Arrivés au milieu des années 1960, les circuits intégrés consistent, comme leur nom l’indique, à rassembler plusieurs composants électroniques élémentaires au sein d’un seul. Très basiques, ces derniers se contentaient au départ d’implémenter quelques portes logiques indépendantes les unes des autres, chacune de ces portes étant elle-même constituée de quelques transistors (pour mémoire, les portes logiques sont des circuits effectuant des opérations basiques sur des bits, représentés par des tensions électriques : une tension haute pour représenter 1 et une tension basse pour représenter 0). On pouvait par exemple trouver des puces à quatorze pattes intégrant quatre portes logiques ET (porte dont la sortie est au niveau haut quand les deux entrées sont au niveau haut), reliées chacune à trois des pattes.
Si l’« intelligence » du processeur restait dévolue à des circuits traditionnels, reliant entre elles ces puces de base, l’arrivée des circuits intégrés a permis de gros gains en compacité, mais aussi en facilité d’assemblage et de maintenance. Une porte logique ne nécessitait par exemple plus qu’une soudure par entrée et par sortie, éliminant les soudures intermédiaires entre les transistors constituant la porte. D’autre part, les réparations se faisaient désormais en détectant et en remplaçant les puces défectueuses.
C’est en 1971 qu’a eu lieu la seconde révolution : l’arrivée du tout premier microprocesseur Intel 4004. Pour la première fois, tous les éléments nécessaires au bon fonctionnement d’un processeur (décodeur d’instructions, registres, unité de calcul sur des entiers…) étaient intégrés au sein d’une petite puce à seize broches et de moins d’un centimètre-carré (quelques cm² avec son boîtier), cette dernière étant fabriquée en masse et commercialisée pour une poignée de dollars.
Avec ses 2300 transistors, sa fréquence de 740 kHz (oui, kilo…) et ses 46 instructions, ce processeur 4 bits était bien entendu très loin de la complexité des modèles actuels, dont les transistors se comptent en milliards.

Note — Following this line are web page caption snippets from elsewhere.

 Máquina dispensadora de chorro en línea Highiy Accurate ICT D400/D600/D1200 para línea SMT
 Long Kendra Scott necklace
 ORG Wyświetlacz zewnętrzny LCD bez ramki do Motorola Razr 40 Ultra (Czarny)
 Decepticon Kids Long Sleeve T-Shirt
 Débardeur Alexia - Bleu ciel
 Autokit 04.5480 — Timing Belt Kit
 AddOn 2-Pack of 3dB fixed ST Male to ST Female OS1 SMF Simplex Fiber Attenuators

Toutefois, le 4004 est bel et bien le père des Core Intel et autres AMD FX, et on retrouve dans un processeur d’aujourd’hui des versions survitaminées des unités qui composaient déjà le 4004 : un décodeur d’instructions, une ALU (Arithmetic Logical Unit), qui sert à effectuer des calculs arithmétiques (addition, soustraction, négation…) sur des entiers et des booléens, et un ensemble de registres, qui servent à stocker temporairement des données.

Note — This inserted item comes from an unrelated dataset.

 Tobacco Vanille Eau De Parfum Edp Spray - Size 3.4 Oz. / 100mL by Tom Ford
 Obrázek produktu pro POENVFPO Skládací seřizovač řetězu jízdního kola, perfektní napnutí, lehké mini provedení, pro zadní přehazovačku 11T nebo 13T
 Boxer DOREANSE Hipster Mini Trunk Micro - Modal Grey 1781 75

Cependant, si le 4004 intégrait bien tout le nécessaire pour traiter les 46 instructions qu’il gérait, il devait tout de même être associé à diverses autres puces : mémoire de travail (RAM), mémoire de stockage (ROM), contrôleur mémoire, contrôleur d’entrée-sortie… De même, le développement des applications le concernant fut tel, qu'il se retrouvera rapidement à l'étroit dans son architecture de base, l'obligeant à se doter de nouvelles unitées annexes : les coprocesseurs.